Hervé de Charrette : Un sentiment d’humiliation pour la France, évidemment. Voir la patrie des droits de l’homme condamnée pour « torture » ne conduit pas à pavoiser. Cela dit, de quoi, ou de qui faut-il avoir honte ? La décision de la Cour européenne des droits de l’homme n’est pas humiliante en elle-même. Ce sont les faits qui sont humiliants. Or, quels sont ces faits ? Quelques policiers, qui déshonorent le corps d’élite auquel ils appartiennent, ont matraqué un détenu.
L’administration française a cru devoir couvrir ces méfaits, tandis que notre justice faisait traîner pendant huit ans la procédure engagée par le plaignant. C’est cet ensemble de faits que la Cour européenne des droits de l’homme a condamné. Je crois qu’elle a eu raison. Notre pays, qui a toujours eu l’ambition d’être le premier de la classe en matière de droits de l’homme, doit accepter cette décision parce qu’elle est juste. Elle contribue assurément au progrès de l’État de droit, en France comme en Europe. Le code de déontologie de la police ne prévoit pas, que je sache, le matraquage des prévenus.

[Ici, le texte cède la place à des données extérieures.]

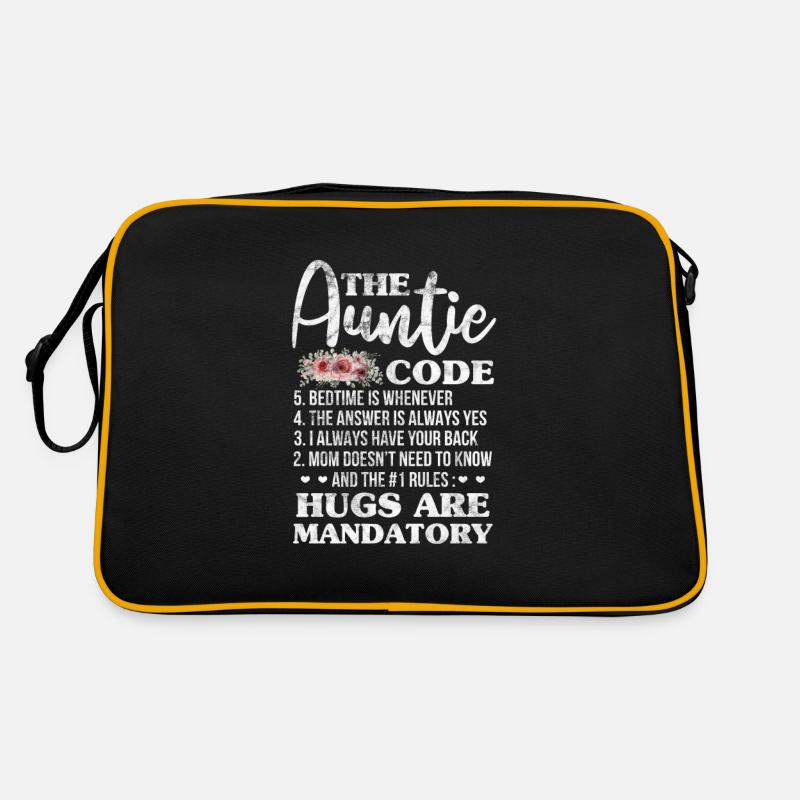 Tante Sac Retro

Le Figaro : Votre avis n’est pas partagé par tout le monde…
Hervé de Charrette : J’entends d’ici les pleurnicheries des souverainistes. Je les trouve déplacées. Je rappelle que la convention européenne des droits de l’homme a été signée en 1959, c’est-à-dire du temps du général de Gaulle, et qu’elle a été ratifiée en 1974. Il est un peu tard pour se réveiller. Je rappelle également que la Cour européenne des droits de l’homme a rendu d’éminents services à l’État de droit. C’est elle qui est intervenue contre les abus des écoutes téléphoniques, contribuant ainsi à faire cesser des dérives scandaleuses. C’est encore elle qui a pris les premières décisions concernant l’indemnisation des hémophiles contaminés. Faut-il s’en plaindre ? Je ne le crois pas. Il faut désormais admettre que la France n’est plus seule. Les souverainistes – qui, au fond, rêvent d’un monde qui n’a jamais existé – refusent de se rendre à l’évidence.
Le Figaro : Ce type de décision judiciaire s’impose-t-il aux États membres de l’Union ?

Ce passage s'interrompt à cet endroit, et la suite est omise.